The crack echoed out of the planning room and brought one of the librarians at the speed of the sound.
“Too loud, Seven,” she said.
“Damn it…” he sighed and held out his hand.
She drew a short, thin blade and stabbed right through his palm faster than any of the lochos could follow.
Then she carefully bandaged the crimson hole.
“Natural healing only. You may use the sliver of our God’s divinity. May Suiteonem grant us strength through rage.”
With that the librarian popped out the way she had popped in.
“Carelessness isn’t like you,” Thirty-two said.
Sixty-eight had to agree.
Eighty mumbled something, but her face was a swollen mess of cuts and bruises.
The price of failure.
They had tried, carefully, to spy on their trainers and teachers.
Except for Sixty-eight.
The plan for her hadn’t yet been attempted and perhaps would never be after their setbacks.
Thirty-two’s fingers were still bandaged and splinted after his insect automatons had been detected flying and crawling into an eidolon’s office.
Eighty had tried one of their combat trainer’s office by simply breaking the door, which was not according to the plan.
Fifteen was still in the school’s hospital from a magical scrying attempt gone wrong.
That teacher’s office had been warded with five layers of nasty counterspells.
Fifteen had managed to bypass four.
Evidently, that had been impressive because the teacher had handed over a little bit of intel on their upcoming big test.
The name of a place.
Grail Beach.
That was it.
A brain fried by a counterspell earned a single name.

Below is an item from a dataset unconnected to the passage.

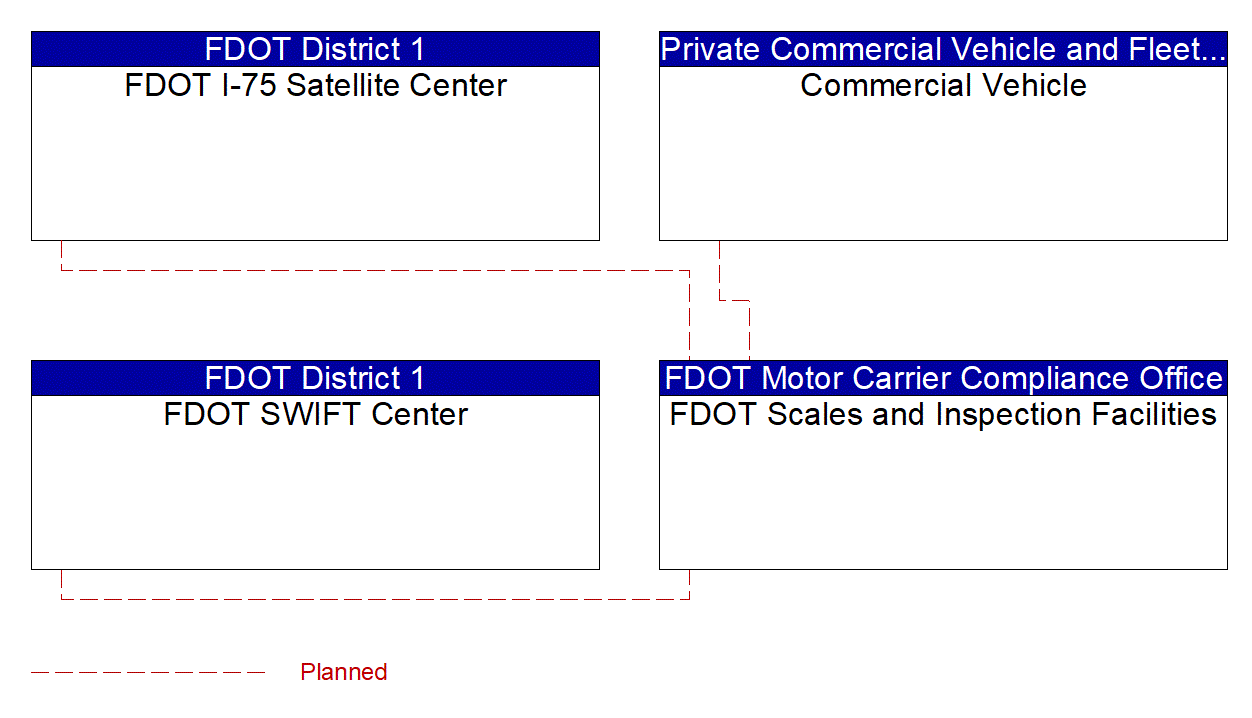 FDOT Scales and Inspection Facilities interconnect diagram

They didn’t know how much time they had left before the test started.
That was the kind of information they had to obtain for themselves.
Seven grimaced at his bloody bandage.
“As I was saying. Our plan,” he eyed Sixty-eight, “isn’t happening. The trap is obvious. I realized this when I discovered that our lochos is the only one with a free period on that day. You see, each lochos has their own time slot where there are no other demands on their time..”
Sixty-eight had figured that out too.
She just hadn’t brought it up.
It hadn’t been too hard for her to pick up the pattern.
“That’s how they’re catching everyone.”
“Yes,” Seven said. “Easy to catch a mouse when you know which ones are out of their cage to go for the cheese. They just have to watch and wait.”
“So, I’m not sneaking into the quartermaster’s office?”
Sixty-eight was a little disappointed.
“No. There’s no point.”
“So? What do we do instead?” Thirty-two said.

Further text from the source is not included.